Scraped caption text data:
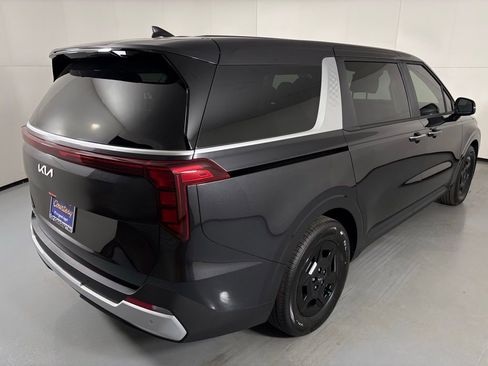 New 2026 Kia Carnival FWD image 8
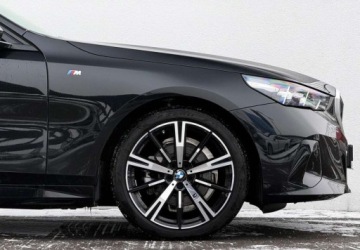 BMW Seria 5 G90-91 2025 BMW Seria 5 I wlasciciel M Sport Hak Gwarancja Bezwypadkowy FVAT23, zdjęcie 11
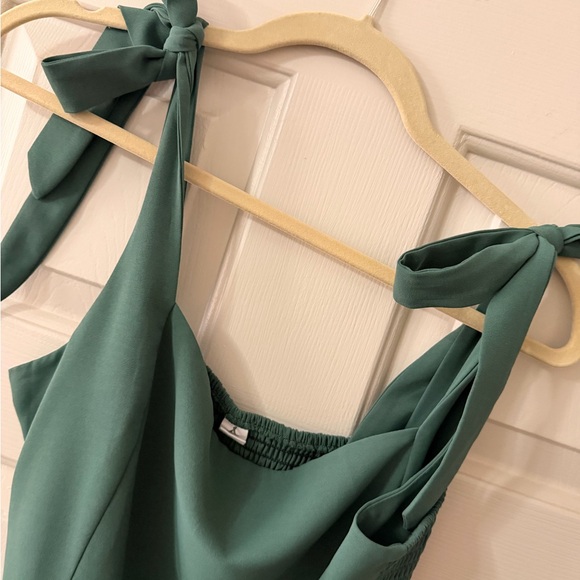 Chic Sleeveless Midi Dress in Green - Picture 4 of 6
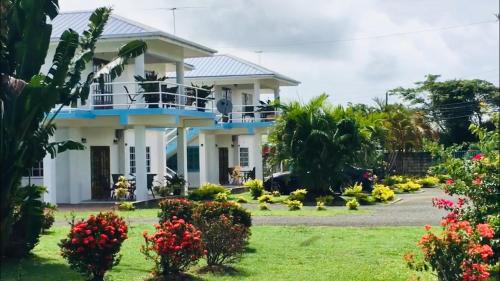 Kevin's Court in Ловлэндс Kevin's Court in Ловлэндс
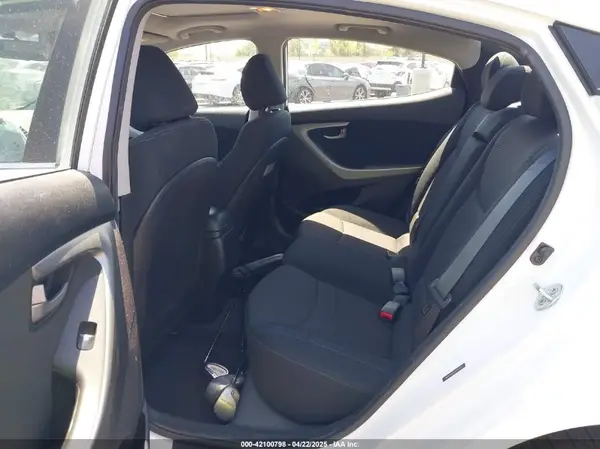 5NPDH4AE0GH762012 2016 HYUNDAI ELANTRA - Image 8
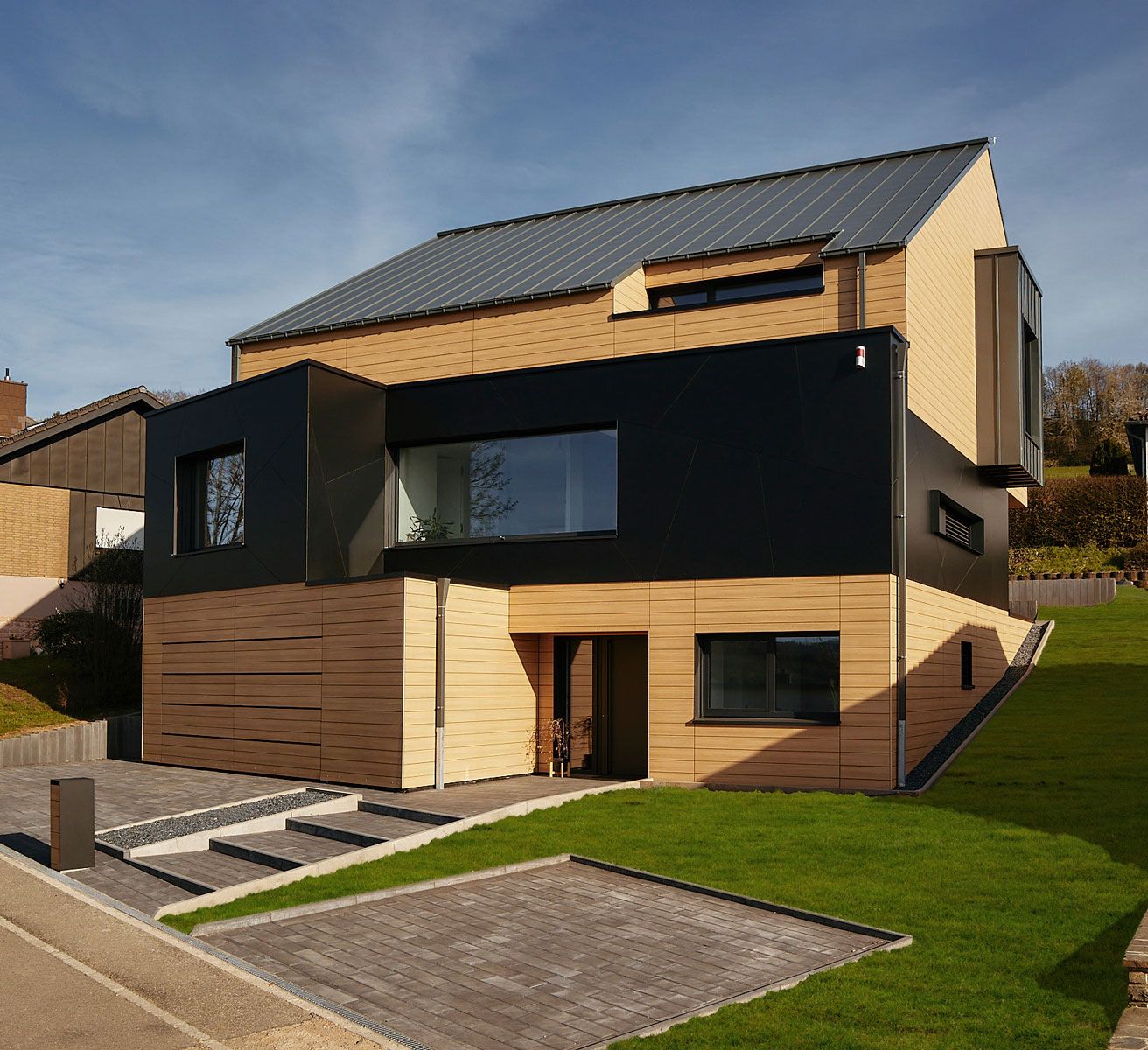 Eigenheim in moderner Optik mit Fassade in Holzoptik und Satteldach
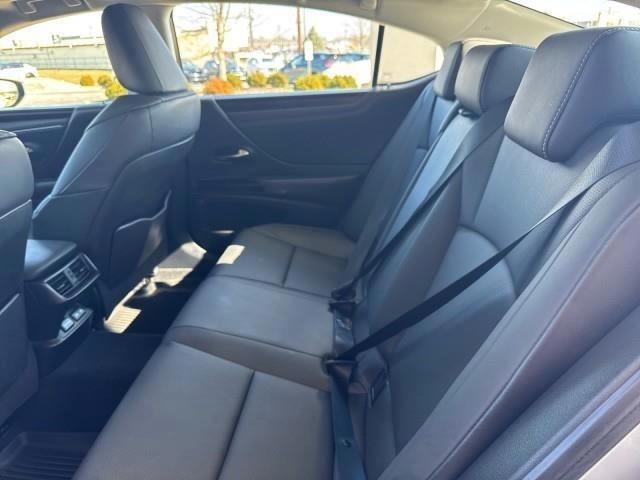 Lexus ES ES 250 AWD 2023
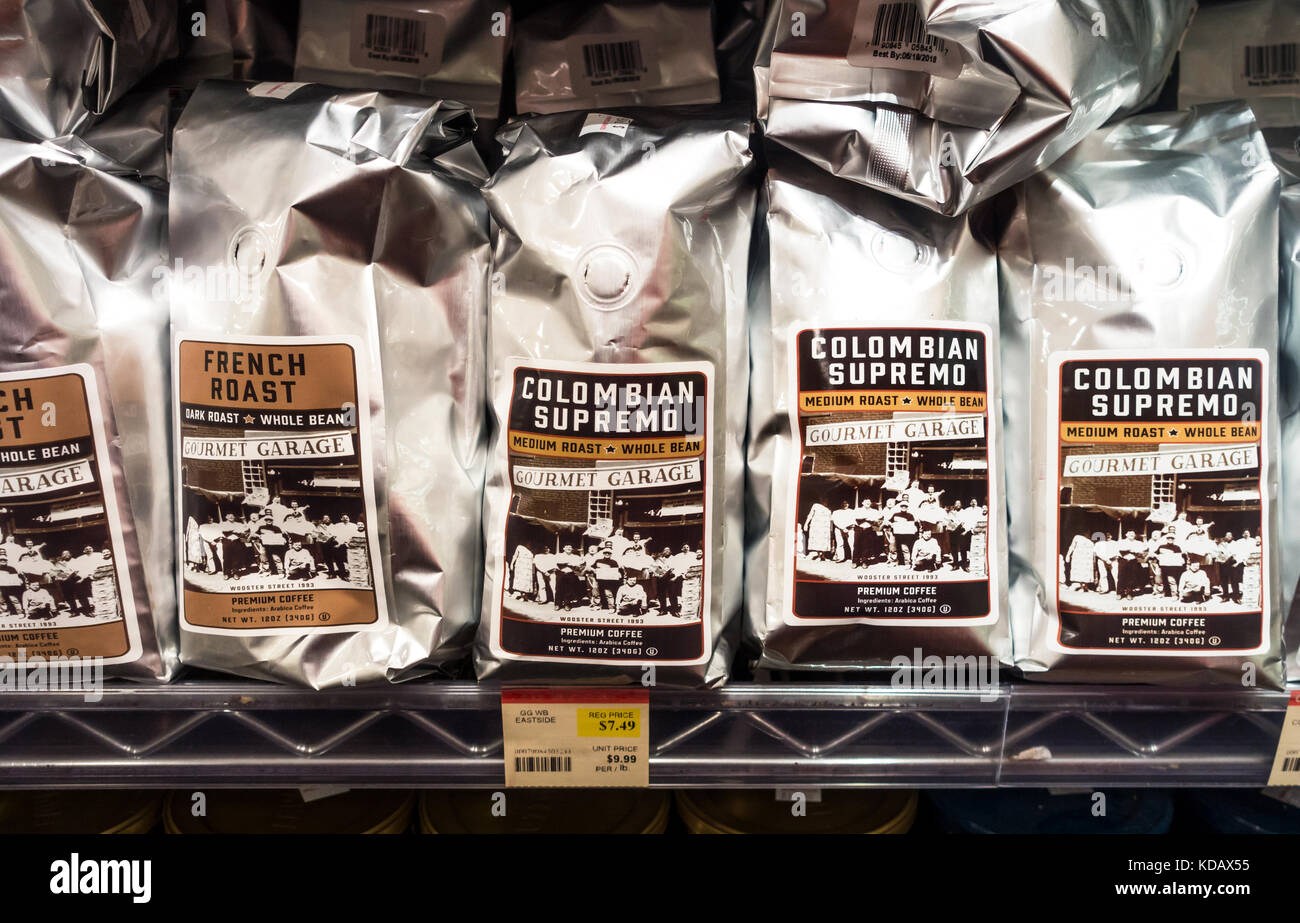Sacchetti di alluminio di chicchi di caffè di qualità in vendita presso Gourmet Garage, un supermercato a SoHo a New York City Foto Stock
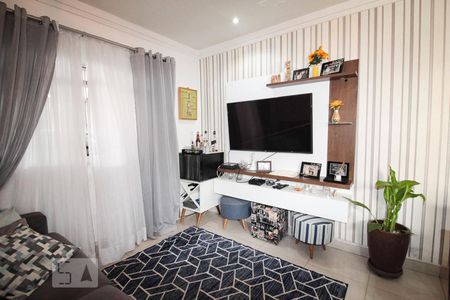 Sala de casa à venda com 2 quartos, 95m² em Parque Edu Chaves, São Paulo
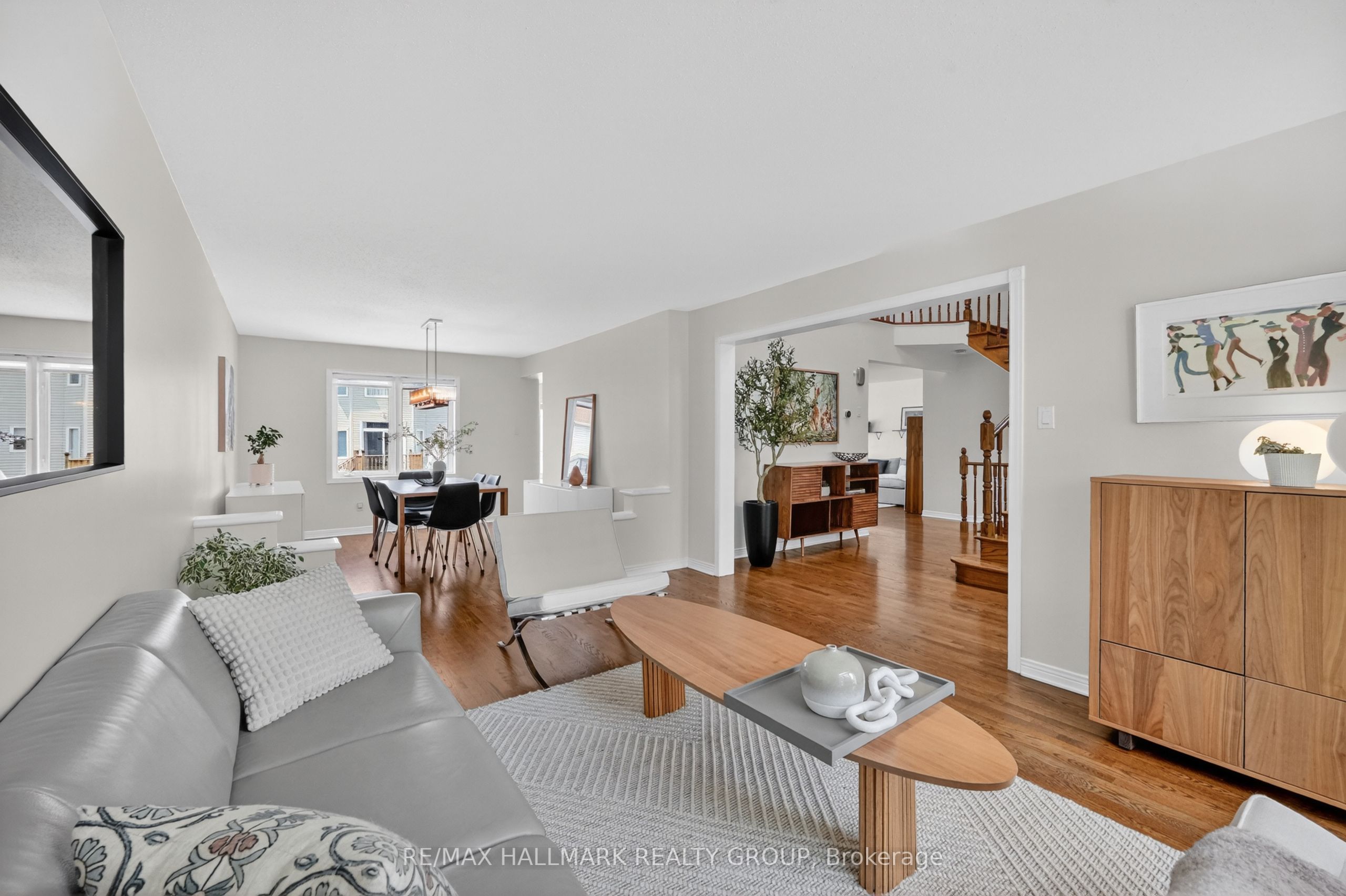 1091 Charest Way Property Photo 7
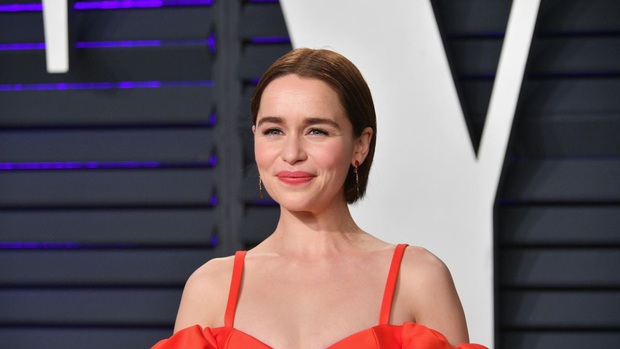 Hành trình Mẹ Rồng Emilia Clarke khi từ mỹ nhân lộ ngực gây sốc thành nữ hoàng rom-com mới - Ảnh 7.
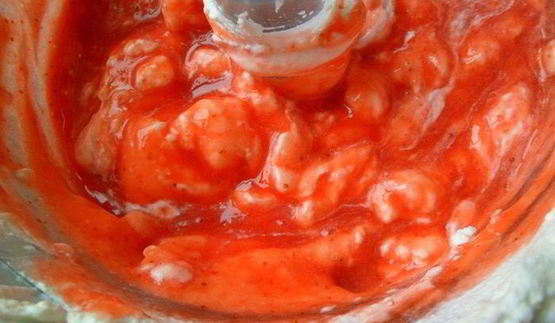 чеpнично-клубничный торт из печенья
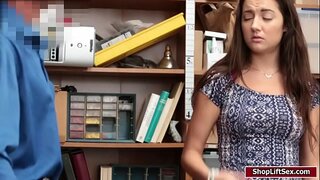 LP amatpersona laizīja un fucked Lilija Adams slapjš incītis doggystyle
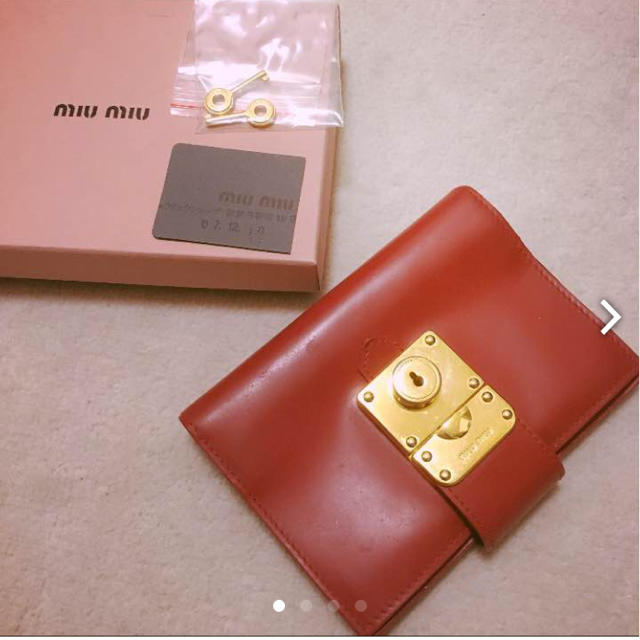 miumiu(ミュウミュウ)の正規品❁miumiu手帳 レディースのファッション小物(名刺入れ/定期入れ)の商品写真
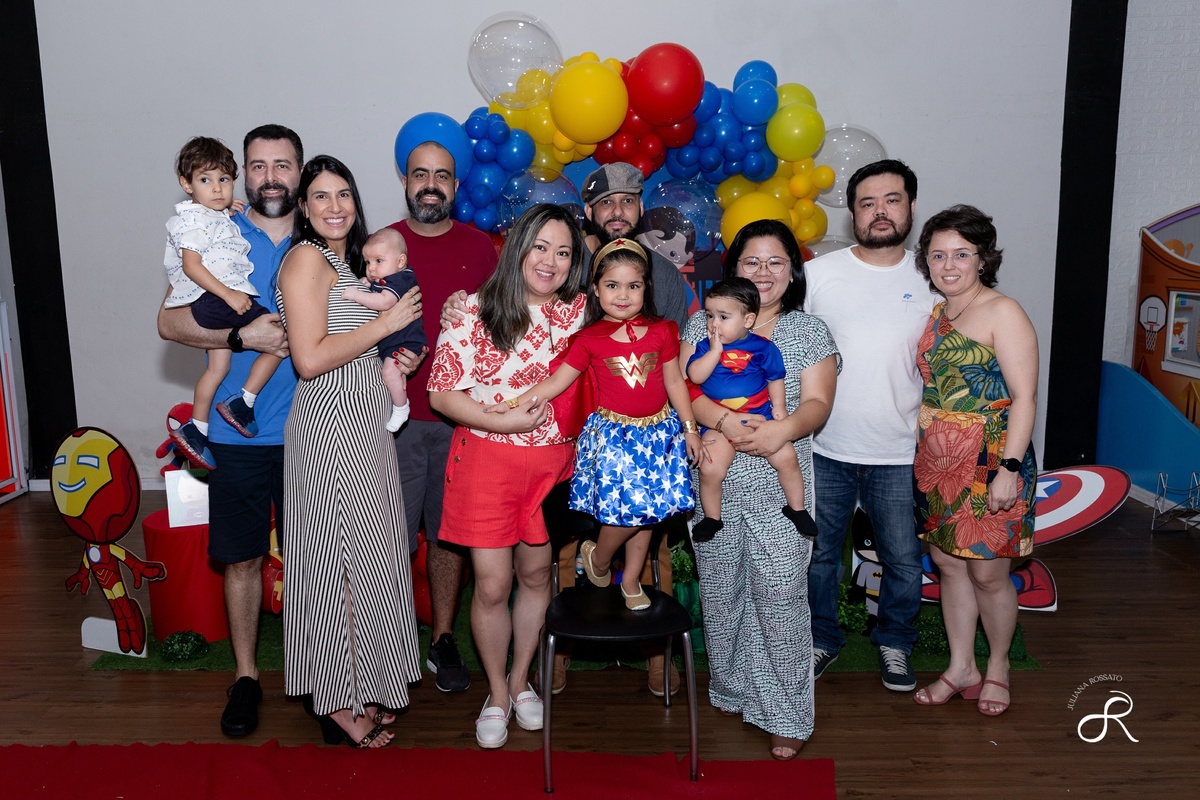 Juliana Rossato Fotografia, são paulo, interlagos, zona sul, santo amaro, SP, festa infantil, aniversário, herois, mulher maravilha, super homem, buffet Brincar e Sonhar Kids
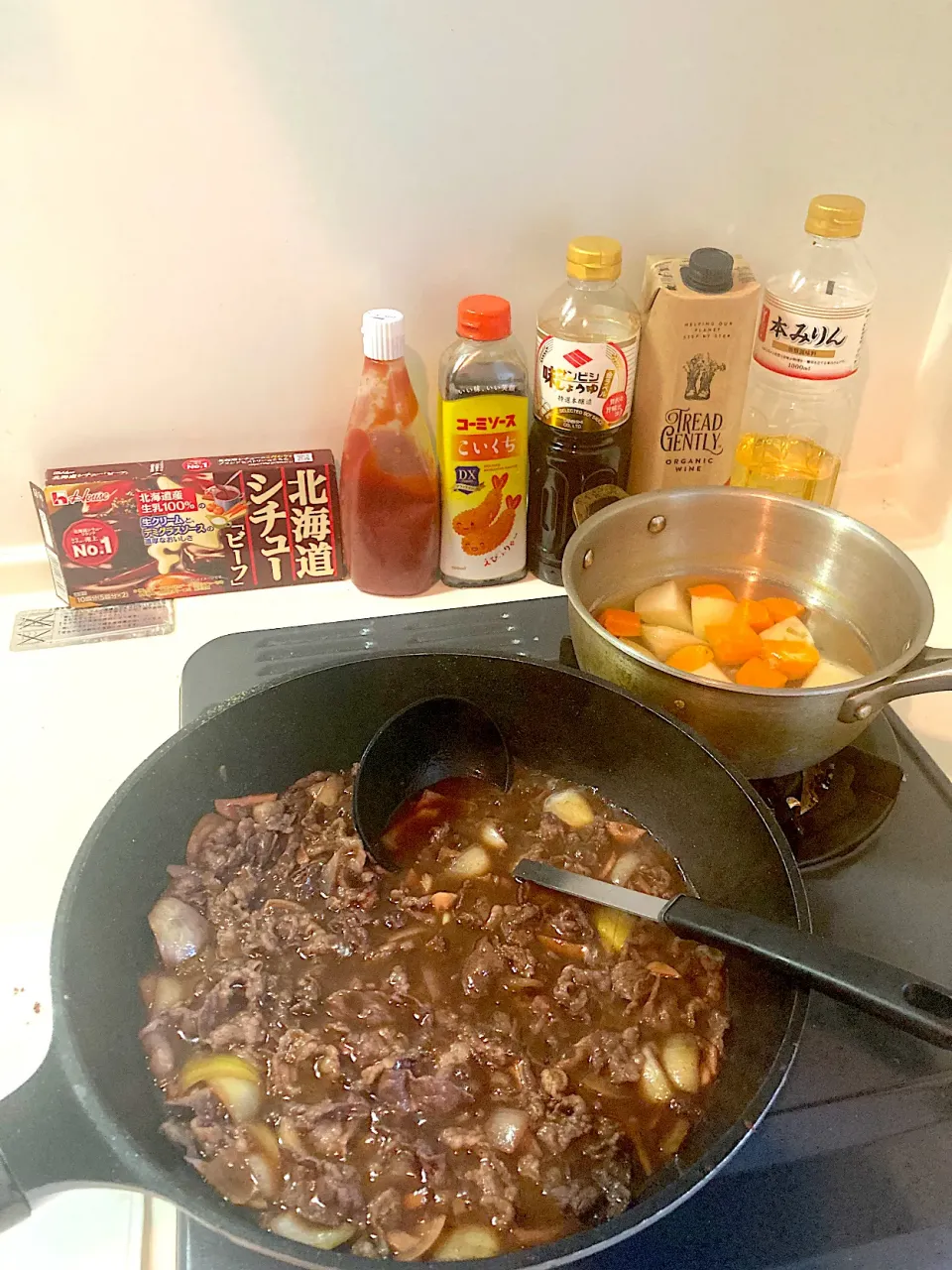 今日の晩ご飯⑤  ハウス「北海道シチュー ビーフ」を入れて味を整えるとともにとろみをつけ、ソース、ケチャップ、醤油、みりんで自分好みの味に調整します。なお、18時にクリーニングが出来上がるので、一旦調理を中断してクリーニング屋さんに行ってきます|なびさん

**What is being asked:** Word for word, retype the lines from the one with "Eigenheim in moderner" through the final line of the data, both included. No pictures belong in the copy.

**Answer section:**
 Eigenheim in moderner Optik mit Fassade in Holzoptik und Satteldach
 Lexus ES ES 250 AWD 2023
Sacchetti di alluminio di chicchi di caffè di qualità in vendita presso Gourmet Garage, un supermercato a SoHo a New York City Foto Stock
 Sala de casa à venda com 2 quartos, 95m² em Parque Edu Chaves, São Paulo
 1091 Charest Way Property Photo 7
 Hành trình Mẹ Rồng Emilia Clarke khi từ mỹ nhân lộ ngực gây sốc thành nữ hoàng rom-com mới - Ảnh 7.
 чеpнично-клубничный торт из печенья
 LP amatpersona laizīja un fucked Lilija Adams slapjš incītis doggystyle
 miumiu(ミュウミュウ)の正規品❁miumiu手帳 レディースのファッション小物(名刺入れ/定期入れ)の商品写真
 Juliana Rossato Fotografia, são paulo, interlagos, zona sul, santo amaro, SP, festa infantil, aniversário, herois, mulher maravilha, super homem, buffet Brincar e Sonhar Kids
 今日の晩ご飯⑤  ハウス「北海道シチュー ビーフ」を入れて味を整えるとともにとろみをつけ、ソース、ケチャップ、醤油、みりんで自分好みの味に調整します。なお、18時にクリーニングが出来上がるので、一旦調理を中断してクリーニング屋さんに行ってきます|なびさん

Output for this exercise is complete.